Freelon brought this approach to life in her most recent exhibit, Whippersnappers: Recapturing, Reviewing, and Reimagining the Lives of Enslaved Children in the United States (November 2024 through January 2025). Presented at Historic Stagville in Durham—formerly one of North Carolina’s largest plantations—the interactive exhibit featured 20 new works that recast images of enslaved children, sourced from the Library of Congress, into ecstatically colorful portraits through tissue prints, painting, collage, and sculptures.

Freelon chose to feature children because “they're the first African-Americans–the descendants of those brought over unwillingly to work.” She searched thousands of photos spanning slavery through Reconstruction--taken chiefly to document property--looking for those that did not depict labor or pain. “I was looking for joy.
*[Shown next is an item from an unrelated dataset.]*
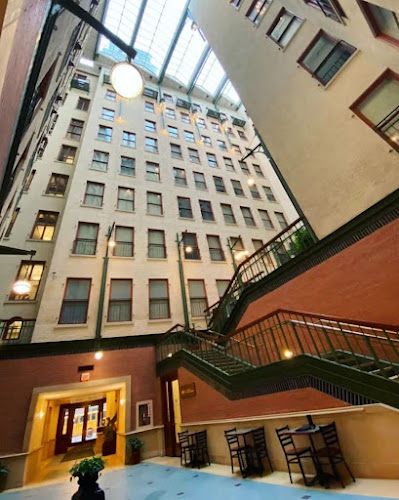 Sapori Cafe & Catering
I wanted to celebrate a childhood often blunted by horror. They also had the resilience of children and could play and laugh.” In the end, she found only one: a small girl laughing in a field of wildflowers, the subject of a work called Beautiful Flower. “I wanted her to be remembered in a way that wasn't objectified and transactional,” Freelon says. I wanted her to just be free.”

While Freelon has exhibited internationally, she says that transforming a former plantation owner's home “felt liberating–Black people weren't allowed there except for service.” Attendees reflected on the emotional impact of encountering the playful, whimsical works in such a charged setting. As often in Freelon’s work, visitor engagement was central to Whippersnappers, which featured activities such as children’s games and collaborative musical performances.

The Stagville show has closed, but Whippersnappers sparked a dialogue that continues. Duke University professor Annette Joseph-Gabriel and author of the forthcoming book Enslaved Childhoods: Survival and Storytelling in the Atlantic World, was so inspired by the exhibit that she is adding an epilogue about it to her text. Additionally, some works from Whippersnappers are currently on view at the Morton Fine Art Gallery in Washington, DC.

For Freelon, creating space for this exchange goes back to provoking the powerful pause she learned in Paris. “My goal is to make art that's so beautiful you don't have a choice–you have to stop and take it in.”